(ASSIGNMENT):
With pictures left out, set down exactly the lines that begin at the one containing "Ett gym med" and end with the last line of the entries below.

(Records from a collection)
========
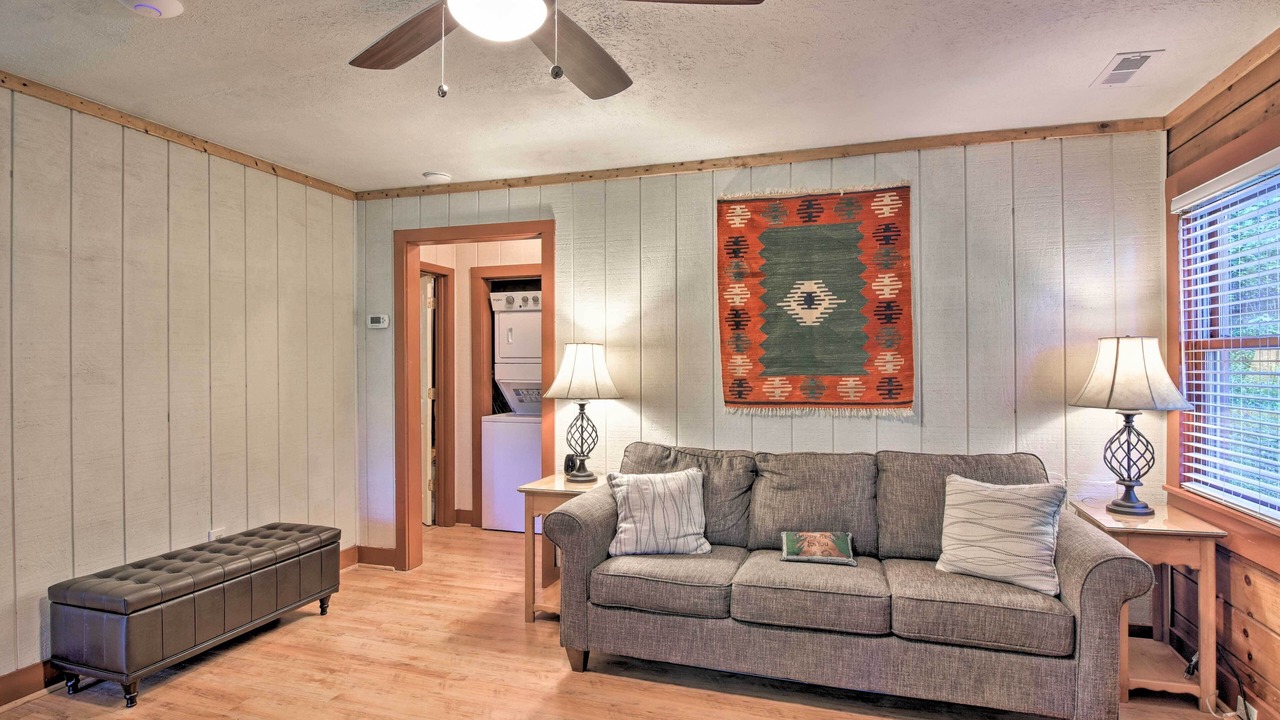 Photo of Livingroom in Clyde
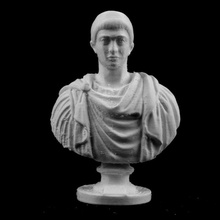 emperador constantino louvre parís francia scan 3d print model - Mito3D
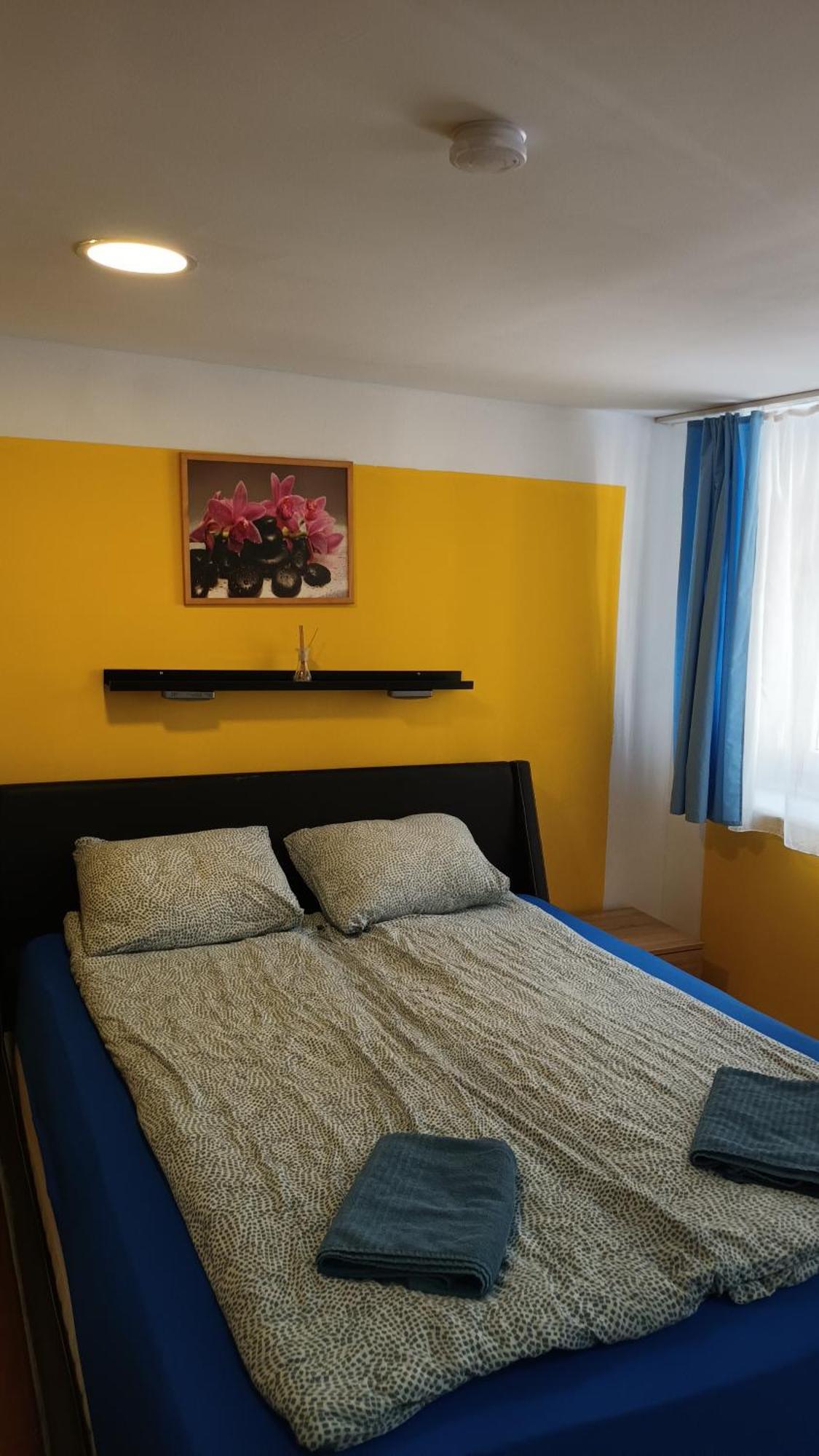 Deniz Guesthouse Будапеща Екстериор снимка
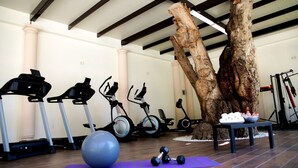 Ett gym med motionscyklar, löpband och träningsbollar.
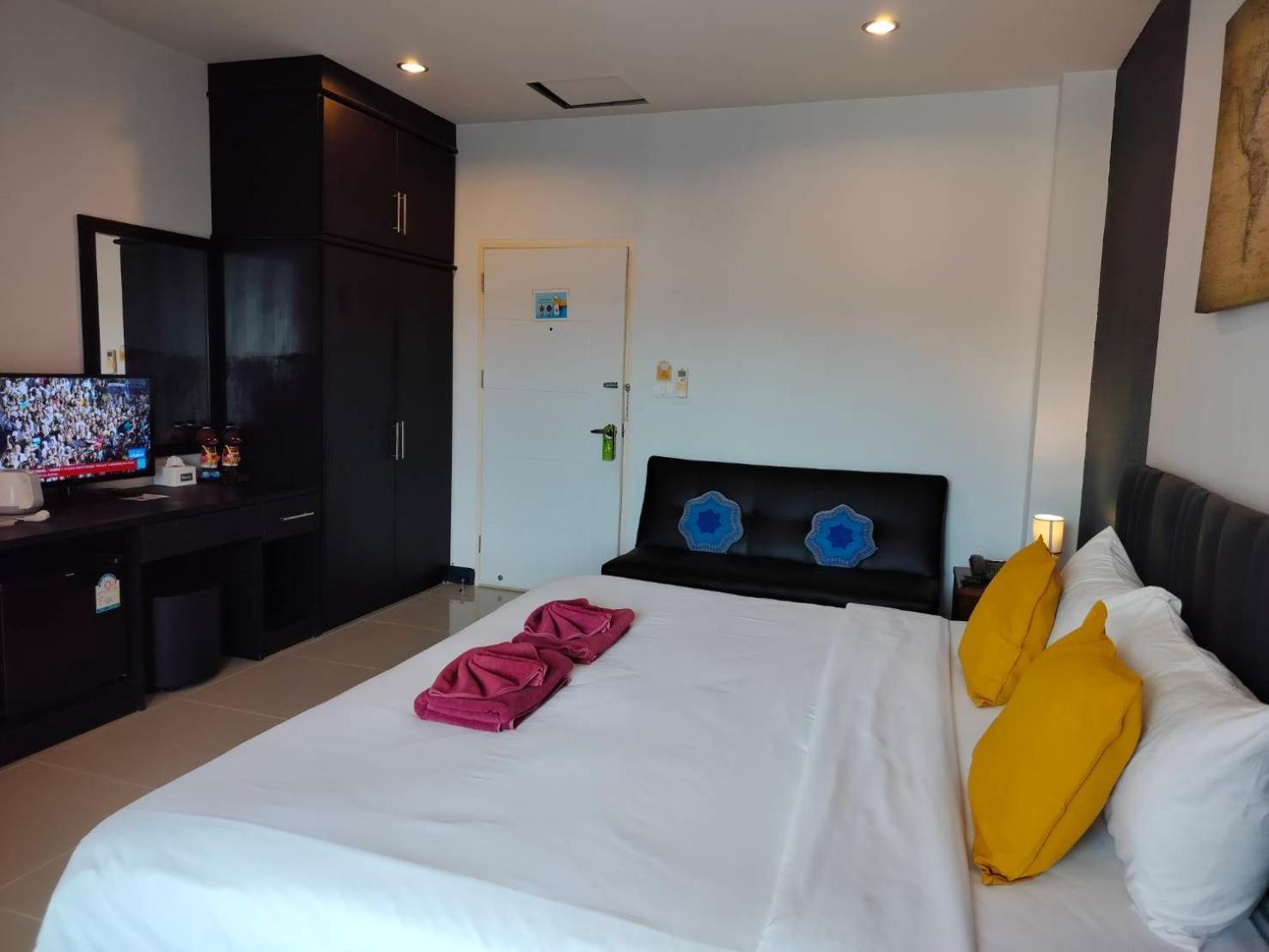 May House Karon Beach Ban Karon Buitenkant foto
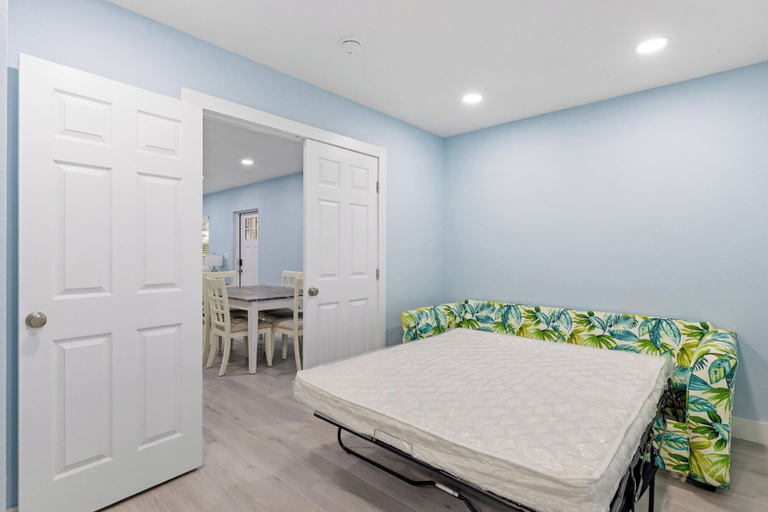 Bedroom 3, THE Palmview AND Sandpiper Inns, Lee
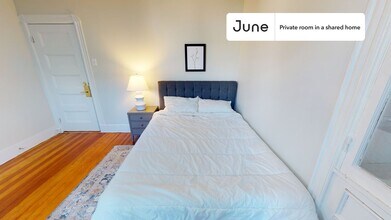 Private bedroom in 4 bed/1 bath Home in Boston, MA - Building Photo - Building Photo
========
(RESPONSE TO THIS TASK):
 Ett gym med motionscyklar, löpband och träningsbollar.
 May House Karon Beach Ban Karon Buitenkant foto
 Bedroom 3, THE Palmview AND Sandpiper Inns, Lee
 Private bedroom in 4 bed/1 bath Home in Boston, MA - Building Photo - Building Photo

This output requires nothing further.